With glm this would look something like
no_recalibration <- glm(outcome ~ -1 + offset(predictor), data = data, family = binomial)
recalibration_in_large <- glm(outcome ~ 1 + offset(predictor), data = data, family = binomial)

Hi Lauren - it’s supposed to work using the same notation you used with glm.

Hi Frank - thanks for the quick reply!

I’m getting this error:

model <- lrm(outcome ~ -1 + offset(predictor), data=data, x=TRUE, y=TRUE)
Error in lrm(outcome ~ -1 + offset(predictor), data = data, x = TRUE, :
object ‘Strata’ not found

model <- lrm(outcome ~ 1 + offset(predictor), data=data, x=TRUE, y=TRUE)
Error in lrm(outcome ~ 1 + offset(predictor), data = data, x = TRUE, y = TRUE) :
object ‘Strata’ not found

Sorry looks like a bug. lrm only seems to support offset if there are other covariates in the model and you are not suppressing the intercept.

1 Like

Hi Dr. Harrell.
Is there a way to have your anova.rms function print out Likelihood Ratio tests instead of Wald? This would be especially useful in the logistic regression setting.

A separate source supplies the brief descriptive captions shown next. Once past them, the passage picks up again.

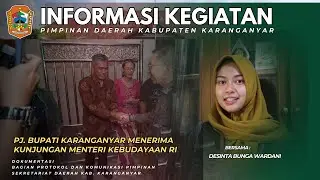 Menteri Kebudayaan RI Berkunjung Ke Nurata Art House I Gusti Nengah Nurate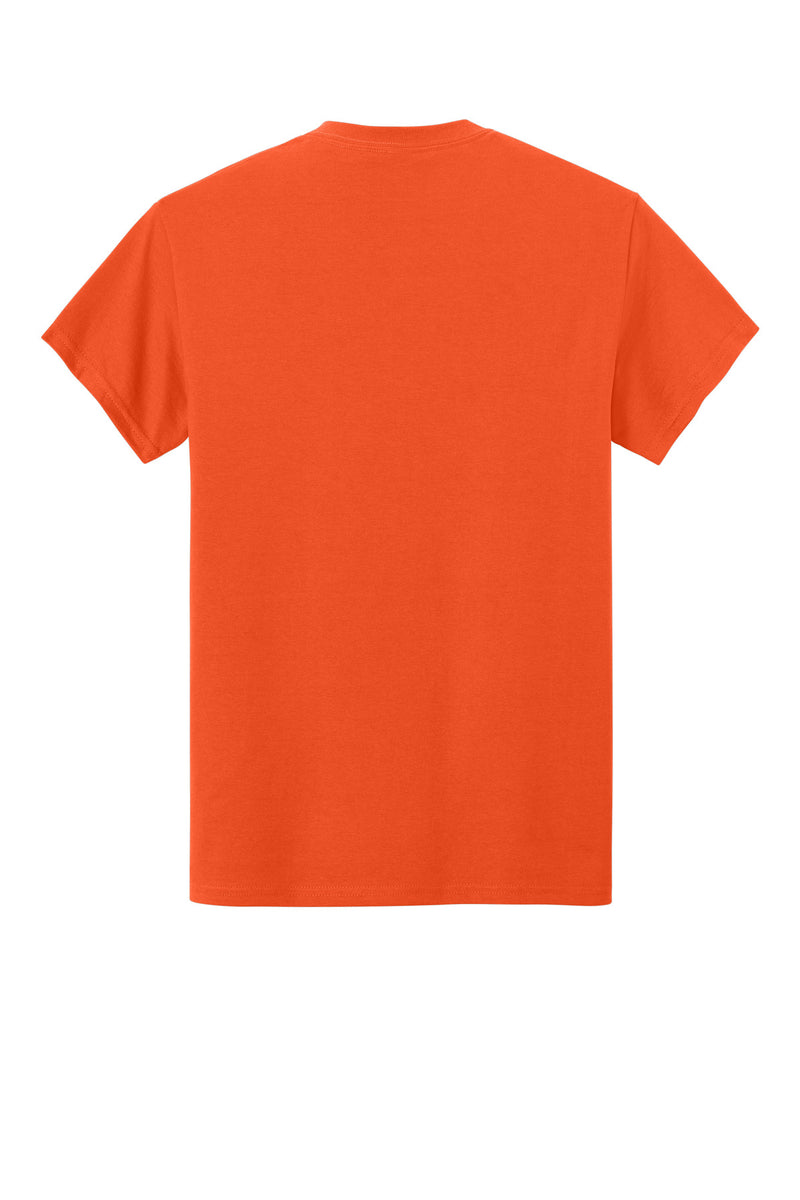 Gildan - Ultra Cotton 100% US Cotton T-Shirt with Pocket - Orange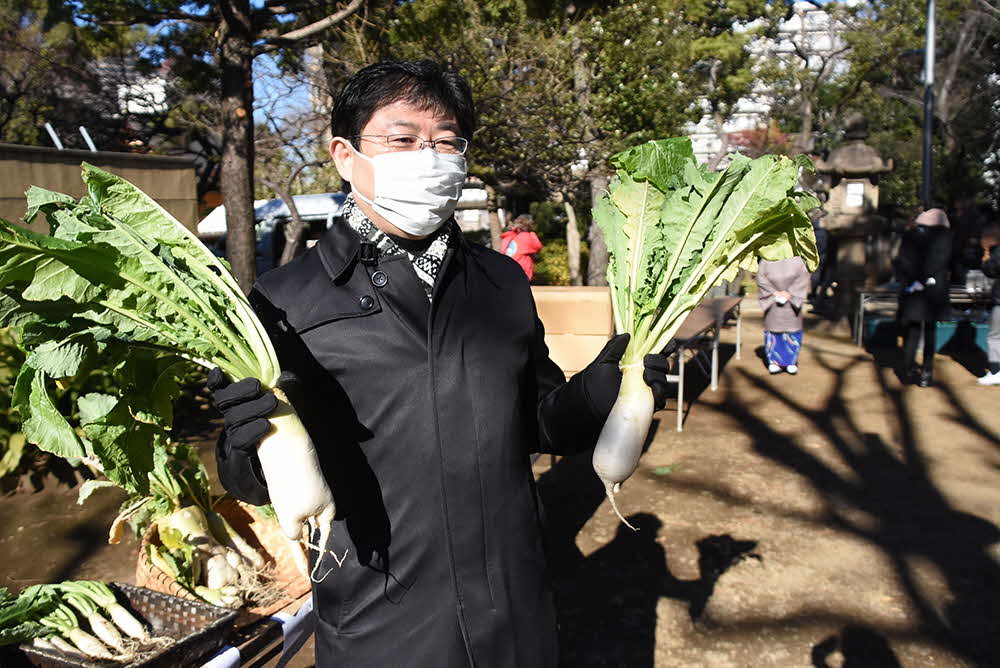 個人の部で優勝した東野さん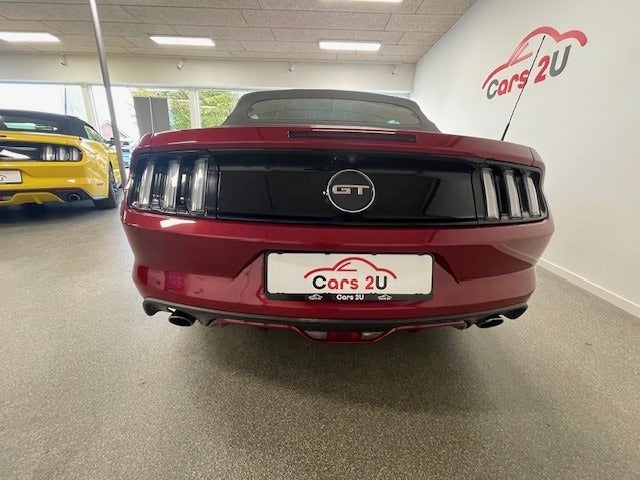 Ford Mustang 5,0 V8 GT Convertible aut. 2d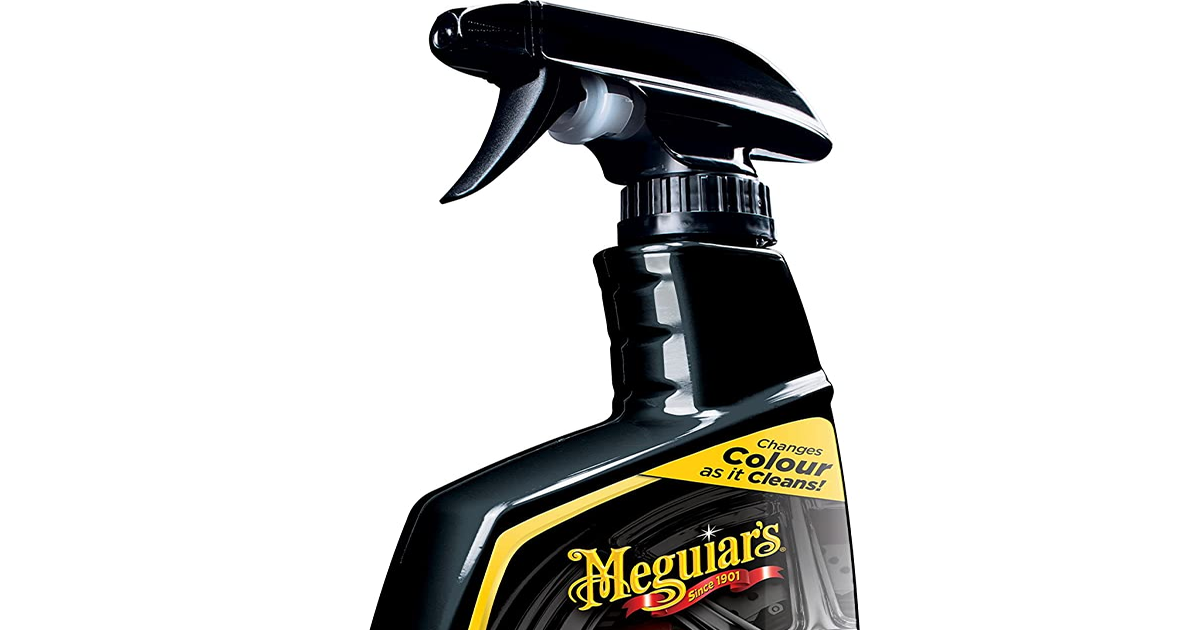 Meguiar'S G180124EU Ultimate All Wheel Cleaner Iron Remover 709Ml, Changes Colou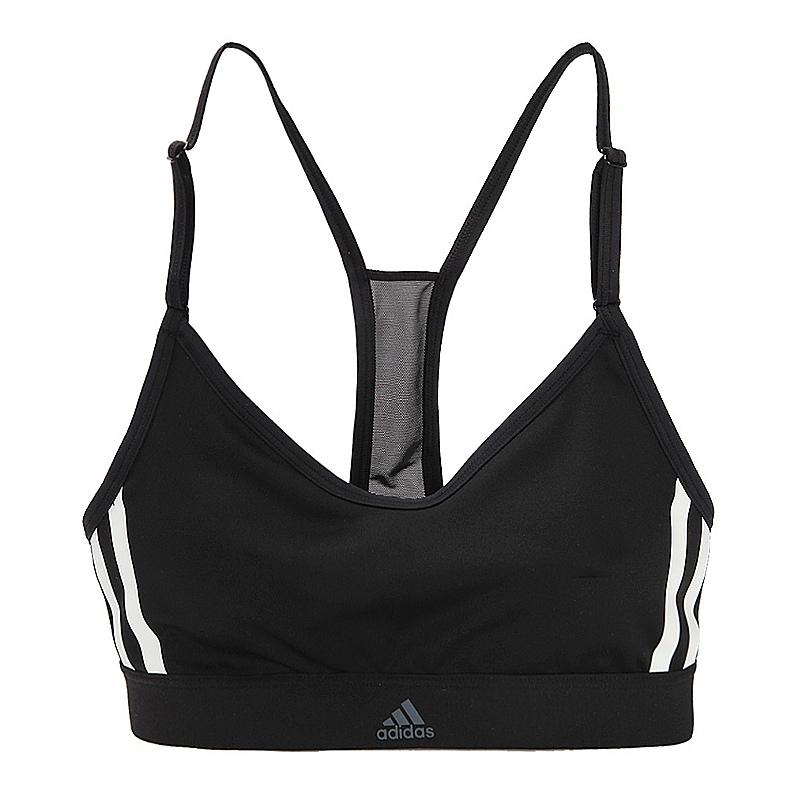 

Adidas All Me 3S Comfortable Soft Casual Tank Top Women tops Black CF3402 S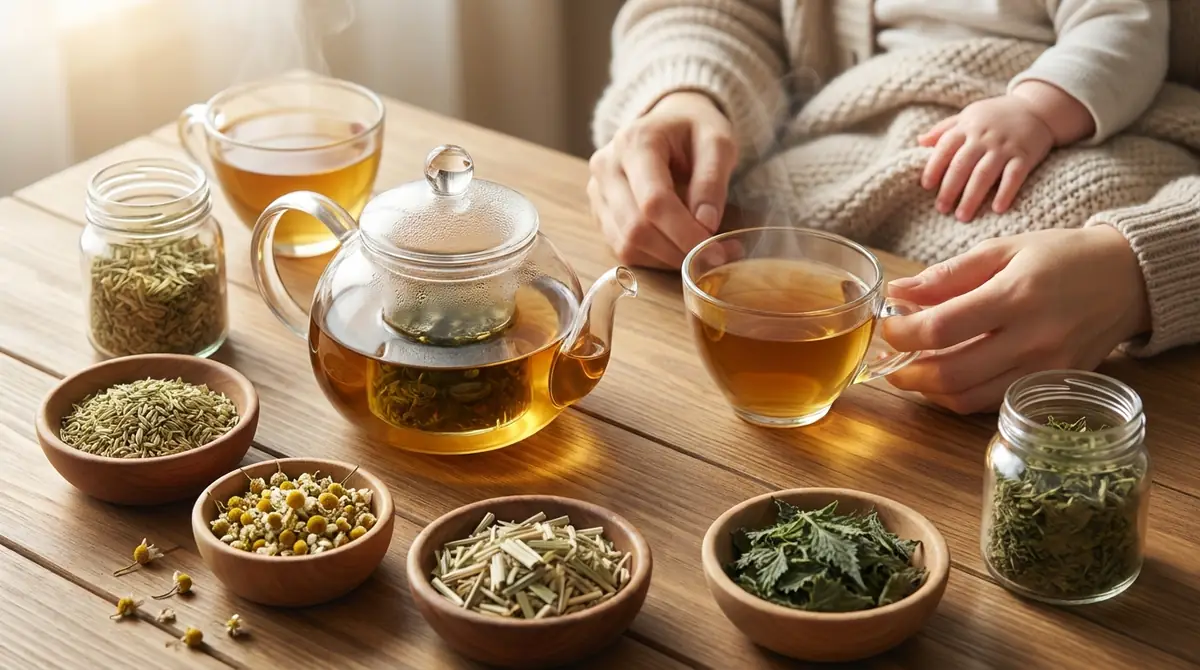 【タイプ別】あなたに合う母乳ハーブティーの選び方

I wish there were. This would have been much better, but it requires multiple model fits. The best that rms offers is lrtest() once you make two fits.

Is the “proportion Chisquare” (from plot.anova function) still correct in logistic regression setting if it’s Wald-based?
Would you recommend to instead use AIC, which is likelihood based, to rank predictors in plot.anova function in order to decide on how many df to allocate to different variables?

AIC or any measure that is a function of -2 log likelihood will be better. Wald is just quicker. The proportion of \chi^2 from Wald tests is OK (anova.rms) but could be improved by instead basing it on the log likelihood.

To clarify, is the AIC printed out in your plot.anova function based on Wald ChiSquare or is it based on -2 log likelihood? It seems to be on a scale that I am not used to seeing (the terms in the output sometimes have positive AIC sometimes negative).

AIC is defined to be negative but sometimes I convert it to a \chi^2 scale, i.e., \chi^2 minus 2 \times d.f. If I do that in the anova context it is in an approximate sense since it’s substituting Wald for LR \chi^2.